◆ TASK TO CARRY OUT ◆
Nothing but the text belongs in the answer: the listing below, copied exactly, without pictures.

◆ DATA PROVIDED ◆
'''
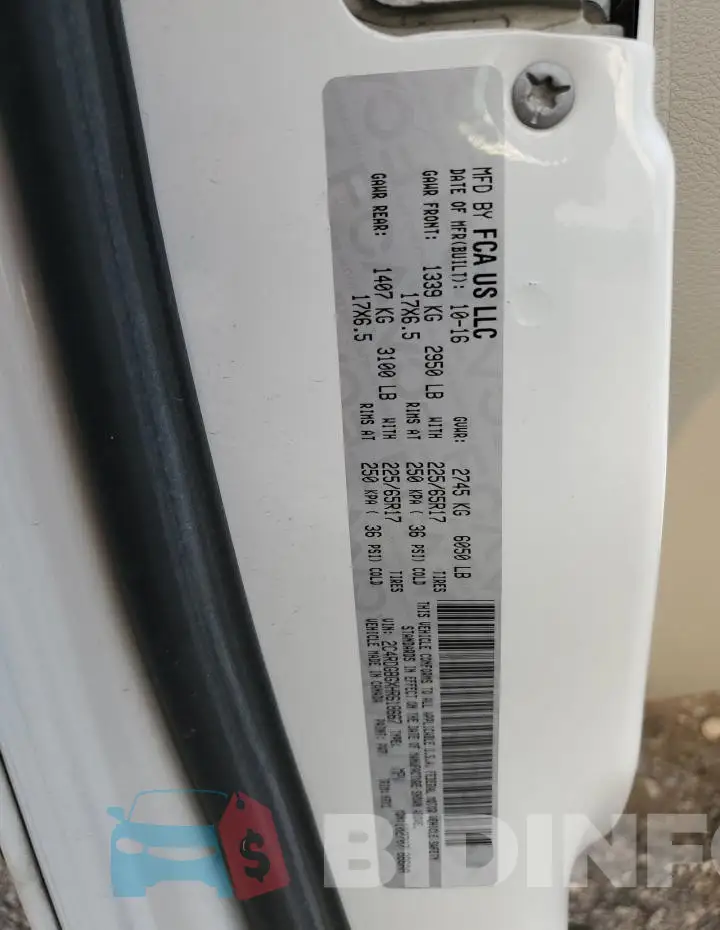 2C4RDGBGXHR618667 Photo# 13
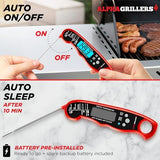 Instant Read Digital Meat Thermometer – Fast, Accurate Food Thermometer for Cooking & Grilling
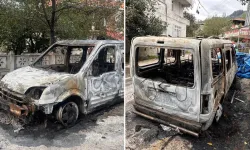 Şehit babasının aracı kundaklandı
'''
◆ EXPECTED OUTPUT ◆
 2C4RDGBGXHR618667 Photo# 13
 Instant Read Digital Meat Thermometer – Fast, Accurate Food Thermometer for Cooking & Grilling
 Şehit babasının aracı kundaklandı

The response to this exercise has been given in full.